[Task to complete] Each record must be retyped word for word.
** Opening Material for the task block **
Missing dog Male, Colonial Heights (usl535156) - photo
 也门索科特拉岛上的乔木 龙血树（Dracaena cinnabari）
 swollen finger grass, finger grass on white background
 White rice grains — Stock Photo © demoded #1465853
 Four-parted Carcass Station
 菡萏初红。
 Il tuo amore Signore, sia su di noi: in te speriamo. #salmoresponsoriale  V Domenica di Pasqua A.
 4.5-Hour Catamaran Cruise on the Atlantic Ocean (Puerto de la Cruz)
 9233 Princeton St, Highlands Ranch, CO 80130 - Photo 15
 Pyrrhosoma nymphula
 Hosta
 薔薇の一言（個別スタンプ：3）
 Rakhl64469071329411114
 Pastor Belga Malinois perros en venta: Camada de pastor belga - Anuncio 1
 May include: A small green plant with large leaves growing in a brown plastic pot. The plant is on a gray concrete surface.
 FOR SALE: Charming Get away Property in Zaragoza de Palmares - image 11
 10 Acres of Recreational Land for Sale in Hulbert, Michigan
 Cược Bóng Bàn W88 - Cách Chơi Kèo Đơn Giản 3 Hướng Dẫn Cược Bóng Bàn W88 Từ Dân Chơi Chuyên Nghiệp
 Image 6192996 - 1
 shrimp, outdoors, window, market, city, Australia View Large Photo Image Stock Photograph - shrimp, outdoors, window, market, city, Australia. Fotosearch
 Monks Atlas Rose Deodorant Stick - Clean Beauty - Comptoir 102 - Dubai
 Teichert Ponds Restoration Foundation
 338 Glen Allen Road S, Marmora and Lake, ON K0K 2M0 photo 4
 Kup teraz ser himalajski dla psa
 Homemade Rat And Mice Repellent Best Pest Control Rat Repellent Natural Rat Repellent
** Closing Material for the task block **
[Answer section]
Missing dog Male, Colonial Heights (usl535156) - photo
 也门索科特拉岛上的乔木 龙血树（Dracaena cinnabari）
 swollen finger grass, finger grass on white background
 White rice grains — Stock Photo © demoded #1465853
 Four-parted Carcass Station
 菡萏初红。
 Il tuo amore Signore, sia su di noi: in te speriamo. #salmoresponsoriale  V Domenica di Pasqua A.
 4.5-Hour Catamaran Cruise on the Atlantic Ocean (Puerto de la Cruz)
 9233 Princeton St, Highlands Ranch, CO 80130 - Photo 15
 Pyrrhosoma nymphula
 Hosta
 薔薇の一言（個別スタンプ：3）
 Rakhl64469071329411114
 Pastor Belga Malinois perros en venta: Camada de pastor belga - Anuncio 1
 May include: A small green plant with large leaves growing in a brown plastic pot. The plant is on a gray concrete surface.
 FOR SALE: Charming Get away Property in Zaragoza de Palmares - image 11
 10 Acres of Recreational Land for Sale in Hulbert, Michigan
 Cược Bóng Bàn W88 - Cách Chơi Kèo Đơn Giản 3 Hướng Dẫn Cược Bóng Bàn W88 Từ Dân Chơi Chuyên Nghiệp
 Image 6192996 - 1
 shrimp, outdoors, window, market, city, Australia View Large Photo Image Stock Photograph - shrimp, outdoors, window, market, city, Australia. Fotosearch
 Monks Atlas Rose Deodorant Stick - Clean Beauty - Comptoir 102 - Dubai
 Teichert Ponds Restoration Foundation
 338 Glen Allen Road S, Marmora and Lake, ON K0K 2M0 photo 4
 Kup teraz ser himalajski dla psa
 Homemade Rat And Mice Repellent Best Pest Control Rat Repellent Natural Rat Repellent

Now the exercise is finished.